Content starts
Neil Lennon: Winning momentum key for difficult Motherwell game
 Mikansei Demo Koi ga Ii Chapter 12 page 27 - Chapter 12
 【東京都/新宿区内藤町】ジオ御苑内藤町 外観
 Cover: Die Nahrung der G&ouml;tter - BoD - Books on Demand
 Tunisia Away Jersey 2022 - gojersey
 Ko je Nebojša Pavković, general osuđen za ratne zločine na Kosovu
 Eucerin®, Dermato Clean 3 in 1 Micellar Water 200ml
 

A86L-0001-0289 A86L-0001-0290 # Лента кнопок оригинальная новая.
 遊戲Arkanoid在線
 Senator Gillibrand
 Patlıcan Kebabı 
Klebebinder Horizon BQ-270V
Content ends
■ Task details ■
Leaving each word as it is, reproduce all the material.

■ Exercise answer ■
Neil Lennon: Winning momentum key for difficult Motherwell game
 Mikansei Demo Koi ga Ii Chapter 12 page 27 - Chapter 12
 【東京都/新宿区内藤町】ジオ御苑内藤町 外観
 Cover: Die Nahrung der G&ouml;tter - BoD - Books on Demand
 Tunisia Away Jersey 2022 - gojersey
 Ko je Nebojša Pavković, general osuđen za ratne zločine na Kosovu
 Eucerin®, Dermato Clean 3 in 1 Micellar Water 200ml
 

A86L-0001-0289 A86L-0001-0290 # Лента кнопок оригинальная новая.
 遊戲Arkanoid在線
 Senator Gillibrand
 Patlıcan Kebabı 
Klebebinder Horizon BQ-270V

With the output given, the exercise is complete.